Now the Lord came and stood there, calling as before, ‘Samuel! Samuel!’ And Samuel said, ‘Speak, for your servant is listening.’ (1 Samuel 3:10)
Sometimes, when I am driving in my car all by myself, I will turn the radio off and just sit in relative silence. No music. No sports talk radio. No NPR. Just the sound of the tires on the road, the engine humming away, and the occasional horn blowing because I’m still sitting at the traffic light after it has turned green.
I like quiet. Not always, but more often than not. To some extent, I have been conditioned by 30 years of sitting alone in my office at the church, silence broken only by the occasional phone call or rare visitor.
However, none of this means I am necessarily good at listening for God.
According to the story, three times in the quiet of the night God called out to Samuel and each time Samuel went running to Eli thinking it was him.

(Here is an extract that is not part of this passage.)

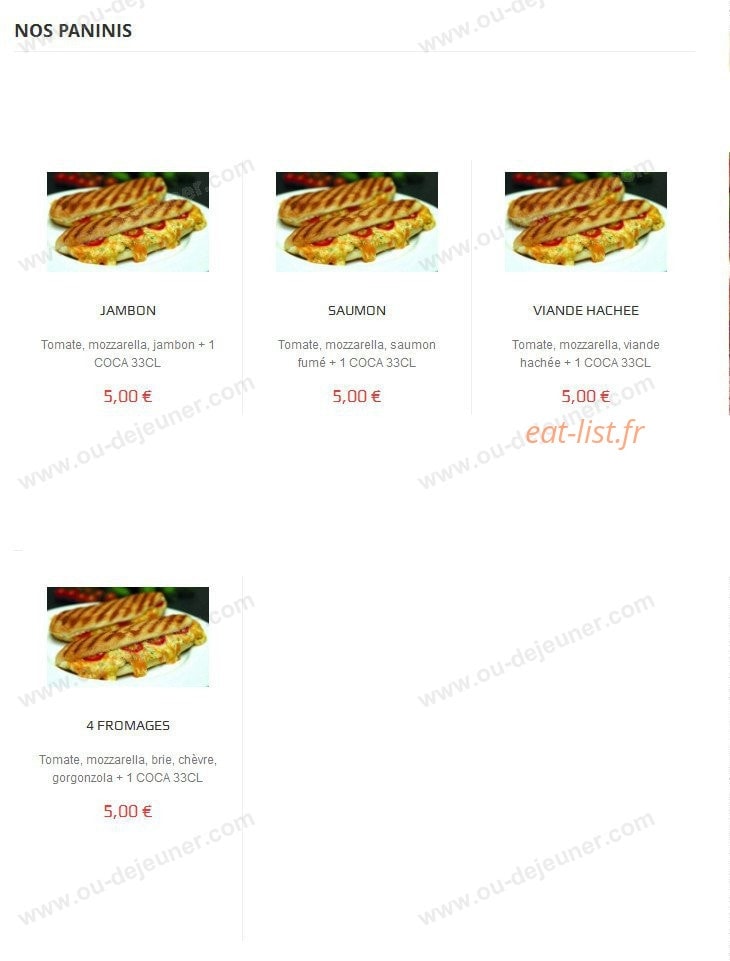 Pizza and Love — carte page 7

It wasn’t until the elderly, apparently sleep-deprived Eli figured out what was going on that the young Samuel was ready to hear God. “Speak, for your servant is listening.”
Listening for God is an intentional act. That little voice constantly running in my head is not necessarily God’s voice telling me what to have for dinner, or what the Vikings should do about their quarterback situation. Not every quiet moment is a God moment.
We live in a noisy world, and sometimes those quiet moments are needed and refreshing. Much of that noise pulls us away from our spiritual center, drowning out God’s calling and leading. Sometimes we need a break from the noise just long enough to say, “Speak, for your servant is listening.”
And then we need to listen for God.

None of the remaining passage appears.